Search code examples
nlptext-analysistopic-modelingunsupervised-learningcategorization

Find the common topic(s) of a set of related Wikipedia articles.


I have an unlabelled data-set consisting of thousands of Wikipedia articles.
These articles are grouped into sets of articles that are closely related in terms of their content.
Given one of these sets, I want to determine the common topic(s) that all of its articles belong to.

Example:
Given the following set of related articles by their title:

{Calculus, matrices, number theory}

I can determine that a common topic is mathematics.

Is there a simple way to do this programmatically by analysing the text of each article?
It doesn’t need to be super accurate and precise.
If this is not possible, a list of words that most accurately represent the set of related articles should suffice.


Solution

  • A standard way to assign cluster labels is to sort (in descending order) terms in these articles by their tf-idf scores, and then report the top three as the most likely descriptive words for that cluster.

    More precisely, you can use the following tf-idf term score, where tf(t, C) is the weight of term 't' in cluster 'C'.

    score(t, C) = log (1 + \lambda/(1-\lambda) * tf(t, C)/\sum_{t' in C} tf(t', C) * cs/cf(t))
    

    Here, tf(t, C)/\sum_{t' in C} tf(t', C) simply denotes the maximum likelihood of sampling term t from cluster C, and cs/cf(t) denotes the ratio of the collection size to the collection frequency of term 't' (note that if t is relatively uncommon in other clusters, this value is high because of low cf(t)).

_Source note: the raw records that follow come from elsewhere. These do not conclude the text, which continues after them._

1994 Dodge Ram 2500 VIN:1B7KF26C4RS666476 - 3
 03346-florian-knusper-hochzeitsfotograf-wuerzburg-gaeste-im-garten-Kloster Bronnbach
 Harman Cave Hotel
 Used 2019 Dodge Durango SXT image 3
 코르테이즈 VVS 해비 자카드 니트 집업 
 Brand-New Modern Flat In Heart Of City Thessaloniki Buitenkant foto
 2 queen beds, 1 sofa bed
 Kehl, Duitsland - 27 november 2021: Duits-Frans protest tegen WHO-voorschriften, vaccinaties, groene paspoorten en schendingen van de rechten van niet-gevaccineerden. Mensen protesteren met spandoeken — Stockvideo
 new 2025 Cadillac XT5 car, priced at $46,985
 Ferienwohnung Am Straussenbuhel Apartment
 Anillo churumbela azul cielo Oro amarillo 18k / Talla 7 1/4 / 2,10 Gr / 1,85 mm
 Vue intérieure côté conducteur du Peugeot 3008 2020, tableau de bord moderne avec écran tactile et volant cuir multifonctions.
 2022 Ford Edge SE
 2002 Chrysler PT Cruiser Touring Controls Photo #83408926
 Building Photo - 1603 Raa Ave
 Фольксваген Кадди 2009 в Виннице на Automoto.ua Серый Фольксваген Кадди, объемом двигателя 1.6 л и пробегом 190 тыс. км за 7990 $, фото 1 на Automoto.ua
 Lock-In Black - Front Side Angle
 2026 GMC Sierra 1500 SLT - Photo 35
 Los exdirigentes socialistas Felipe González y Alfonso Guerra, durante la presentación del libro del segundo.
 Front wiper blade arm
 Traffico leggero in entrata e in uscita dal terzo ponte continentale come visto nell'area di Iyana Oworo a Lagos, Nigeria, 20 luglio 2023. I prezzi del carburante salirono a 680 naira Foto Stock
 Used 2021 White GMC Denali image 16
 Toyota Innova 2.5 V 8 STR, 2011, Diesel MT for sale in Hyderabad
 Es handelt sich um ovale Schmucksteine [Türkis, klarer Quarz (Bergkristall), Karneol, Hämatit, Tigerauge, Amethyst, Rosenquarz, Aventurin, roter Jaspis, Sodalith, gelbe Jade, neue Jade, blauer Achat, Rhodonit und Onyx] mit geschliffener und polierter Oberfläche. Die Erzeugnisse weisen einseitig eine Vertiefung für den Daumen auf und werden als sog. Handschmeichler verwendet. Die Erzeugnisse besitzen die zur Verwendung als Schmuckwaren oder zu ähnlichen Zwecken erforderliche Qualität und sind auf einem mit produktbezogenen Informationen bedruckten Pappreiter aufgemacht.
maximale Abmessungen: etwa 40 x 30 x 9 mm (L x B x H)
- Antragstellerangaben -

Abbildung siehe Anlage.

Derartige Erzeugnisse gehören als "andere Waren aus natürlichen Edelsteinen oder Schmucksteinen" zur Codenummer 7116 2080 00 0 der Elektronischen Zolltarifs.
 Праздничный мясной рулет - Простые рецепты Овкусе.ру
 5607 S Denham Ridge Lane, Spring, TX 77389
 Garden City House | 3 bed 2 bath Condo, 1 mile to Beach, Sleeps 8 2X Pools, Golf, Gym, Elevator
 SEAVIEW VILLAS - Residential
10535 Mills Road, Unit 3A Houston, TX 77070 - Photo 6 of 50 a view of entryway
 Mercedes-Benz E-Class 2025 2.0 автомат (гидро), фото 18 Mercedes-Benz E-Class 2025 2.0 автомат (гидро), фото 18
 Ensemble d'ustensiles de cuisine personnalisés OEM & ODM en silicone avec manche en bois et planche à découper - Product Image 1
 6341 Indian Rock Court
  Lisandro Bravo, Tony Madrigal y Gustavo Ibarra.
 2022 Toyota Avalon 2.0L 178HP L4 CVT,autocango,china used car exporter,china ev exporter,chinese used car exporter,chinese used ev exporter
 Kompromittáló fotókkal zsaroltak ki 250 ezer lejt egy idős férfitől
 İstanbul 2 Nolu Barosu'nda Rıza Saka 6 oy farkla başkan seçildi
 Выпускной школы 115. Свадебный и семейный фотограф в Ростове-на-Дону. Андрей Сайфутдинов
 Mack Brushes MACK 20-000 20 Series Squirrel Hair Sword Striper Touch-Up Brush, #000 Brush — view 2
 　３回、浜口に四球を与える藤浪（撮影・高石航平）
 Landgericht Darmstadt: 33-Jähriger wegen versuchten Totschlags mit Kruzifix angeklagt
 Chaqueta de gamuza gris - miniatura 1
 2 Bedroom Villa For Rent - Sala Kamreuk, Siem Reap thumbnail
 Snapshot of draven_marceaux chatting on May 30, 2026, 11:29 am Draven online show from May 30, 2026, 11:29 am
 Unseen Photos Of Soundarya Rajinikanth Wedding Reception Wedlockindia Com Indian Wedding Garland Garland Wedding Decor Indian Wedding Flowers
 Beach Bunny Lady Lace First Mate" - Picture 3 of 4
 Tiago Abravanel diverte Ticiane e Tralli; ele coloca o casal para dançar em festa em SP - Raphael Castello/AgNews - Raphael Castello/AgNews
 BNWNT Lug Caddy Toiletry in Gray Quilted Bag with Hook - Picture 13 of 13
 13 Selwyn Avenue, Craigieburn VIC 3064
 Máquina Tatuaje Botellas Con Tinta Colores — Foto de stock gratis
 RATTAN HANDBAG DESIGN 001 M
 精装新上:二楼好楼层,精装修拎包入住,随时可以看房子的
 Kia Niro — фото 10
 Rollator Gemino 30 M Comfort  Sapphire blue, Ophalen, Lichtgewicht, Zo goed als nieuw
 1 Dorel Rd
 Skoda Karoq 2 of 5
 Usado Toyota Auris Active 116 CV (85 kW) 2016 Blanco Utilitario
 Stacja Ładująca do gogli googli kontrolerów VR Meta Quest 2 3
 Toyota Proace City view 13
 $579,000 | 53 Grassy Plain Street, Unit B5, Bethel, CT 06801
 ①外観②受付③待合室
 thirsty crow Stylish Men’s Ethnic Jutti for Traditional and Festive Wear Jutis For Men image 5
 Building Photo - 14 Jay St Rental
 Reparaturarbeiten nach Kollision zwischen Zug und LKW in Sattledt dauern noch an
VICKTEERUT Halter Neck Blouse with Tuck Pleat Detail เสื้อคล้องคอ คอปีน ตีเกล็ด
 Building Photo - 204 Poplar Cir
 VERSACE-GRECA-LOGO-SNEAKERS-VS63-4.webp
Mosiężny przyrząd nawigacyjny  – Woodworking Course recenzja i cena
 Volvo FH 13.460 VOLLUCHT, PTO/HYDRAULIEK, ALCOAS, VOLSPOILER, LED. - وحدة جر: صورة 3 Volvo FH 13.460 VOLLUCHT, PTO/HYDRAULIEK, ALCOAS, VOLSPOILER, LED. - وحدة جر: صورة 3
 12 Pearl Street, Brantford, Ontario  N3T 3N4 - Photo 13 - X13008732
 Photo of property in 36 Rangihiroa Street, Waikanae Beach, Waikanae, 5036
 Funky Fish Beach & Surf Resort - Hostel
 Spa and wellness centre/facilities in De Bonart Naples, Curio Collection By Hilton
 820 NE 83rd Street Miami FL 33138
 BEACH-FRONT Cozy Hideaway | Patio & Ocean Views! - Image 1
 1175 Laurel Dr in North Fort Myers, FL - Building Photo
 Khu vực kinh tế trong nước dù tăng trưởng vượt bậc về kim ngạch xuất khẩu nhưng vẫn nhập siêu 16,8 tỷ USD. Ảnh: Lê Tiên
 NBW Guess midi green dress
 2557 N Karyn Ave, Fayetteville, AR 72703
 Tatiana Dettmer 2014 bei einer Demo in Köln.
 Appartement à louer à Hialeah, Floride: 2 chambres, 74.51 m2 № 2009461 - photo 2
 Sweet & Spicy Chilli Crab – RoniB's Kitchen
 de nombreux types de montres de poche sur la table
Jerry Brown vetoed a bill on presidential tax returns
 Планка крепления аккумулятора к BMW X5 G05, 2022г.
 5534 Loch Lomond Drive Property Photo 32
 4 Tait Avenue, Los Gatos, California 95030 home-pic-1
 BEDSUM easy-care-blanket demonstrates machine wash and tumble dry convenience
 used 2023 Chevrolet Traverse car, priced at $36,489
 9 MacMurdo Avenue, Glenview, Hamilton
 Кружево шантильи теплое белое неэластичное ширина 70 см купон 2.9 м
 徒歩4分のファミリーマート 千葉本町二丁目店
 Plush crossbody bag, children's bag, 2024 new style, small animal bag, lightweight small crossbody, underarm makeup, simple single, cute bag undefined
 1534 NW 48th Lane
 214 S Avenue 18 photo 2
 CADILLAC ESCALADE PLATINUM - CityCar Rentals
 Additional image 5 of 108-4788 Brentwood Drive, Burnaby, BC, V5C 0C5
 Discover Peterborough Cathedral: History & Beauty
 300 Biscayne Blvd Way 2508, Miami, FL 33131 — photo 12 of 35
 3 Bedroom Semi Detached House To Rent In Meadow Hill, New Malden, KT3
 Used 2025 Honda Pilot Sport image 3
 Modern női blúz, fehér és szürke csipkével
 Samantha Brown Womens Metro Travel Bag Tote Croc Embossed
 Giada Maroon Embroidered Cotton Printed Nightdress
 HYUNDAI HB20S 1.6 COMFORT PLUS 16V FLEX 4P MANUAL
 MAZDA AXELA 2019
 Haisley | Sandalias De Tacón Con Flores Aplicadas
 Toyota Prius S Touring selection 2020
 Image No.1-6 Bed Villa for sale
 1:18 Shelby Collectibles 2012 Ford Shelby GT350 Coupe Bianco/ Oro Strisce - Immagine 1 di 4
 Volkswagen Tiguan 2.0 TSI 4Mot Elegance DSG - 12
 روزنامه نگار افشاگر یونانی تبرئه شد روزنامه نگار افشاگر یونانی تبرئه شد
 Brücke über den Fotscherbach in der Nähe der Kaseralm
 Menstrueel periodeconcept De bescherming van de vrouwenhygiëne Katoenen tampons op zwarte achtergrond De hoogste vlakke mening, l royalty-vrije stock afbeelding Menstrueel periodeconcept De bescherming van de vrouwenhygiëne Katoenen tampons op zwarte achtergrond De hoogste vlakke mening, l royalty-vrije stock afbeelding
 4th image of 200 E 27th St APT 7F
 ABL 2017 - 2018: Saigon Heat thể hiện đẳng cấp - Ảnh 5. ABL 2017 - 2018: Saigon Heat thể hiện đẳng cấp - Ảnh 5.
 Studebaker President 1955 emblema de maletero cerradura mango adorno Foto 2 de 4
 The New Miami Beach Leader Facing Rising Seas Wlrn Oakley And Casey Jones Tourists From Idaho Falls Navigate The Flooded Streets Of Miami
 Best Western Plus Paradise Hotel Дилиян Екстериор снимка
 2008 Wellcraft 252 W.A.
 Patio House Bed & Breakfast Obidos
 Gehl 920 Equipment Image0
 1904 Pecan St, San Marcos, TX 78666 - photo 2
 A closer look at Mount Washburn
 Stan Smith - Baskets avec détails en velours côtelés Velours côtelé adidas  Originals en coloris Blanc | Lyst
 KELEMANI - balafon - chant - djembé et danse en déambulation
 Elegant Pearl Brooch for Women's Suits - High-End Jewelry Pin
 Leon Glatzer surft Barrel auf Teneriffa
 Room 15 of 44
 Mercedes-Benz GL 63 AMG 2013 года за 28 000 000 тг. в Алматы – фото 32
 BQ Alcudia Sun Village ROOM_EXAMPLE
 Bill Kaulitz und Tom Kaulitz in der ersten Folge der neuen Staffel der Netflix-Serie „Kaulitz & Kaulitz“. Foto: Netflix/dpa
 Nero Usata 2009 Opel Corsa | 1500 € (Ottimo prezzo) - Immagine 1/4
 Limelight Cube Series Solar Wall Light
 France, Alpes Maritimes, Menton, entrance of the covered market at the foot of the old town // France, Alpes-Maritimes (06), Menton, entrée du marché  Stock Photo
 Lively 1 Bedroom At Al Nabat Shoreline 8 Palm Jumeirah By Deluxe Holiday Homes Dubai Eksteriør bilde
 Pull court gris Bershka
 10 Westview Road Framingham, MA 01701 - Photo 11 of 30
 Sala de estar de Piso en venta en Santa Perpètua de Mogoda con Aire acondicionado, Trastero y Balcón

    Thus, the more frequent a term is in this cluster (probably 'mathematics' be a term common in all the documents of your example cluster), and the more this term is uncommon in the rest of the clusters (the term 'mathematics' is likely to be rare in other ones), this term is likely to be chosen as a representative term as the cluster label.

    You can use lambda to control the relative importance that you might want to associate with the term frequency component; a good choice of lambda is 0.6.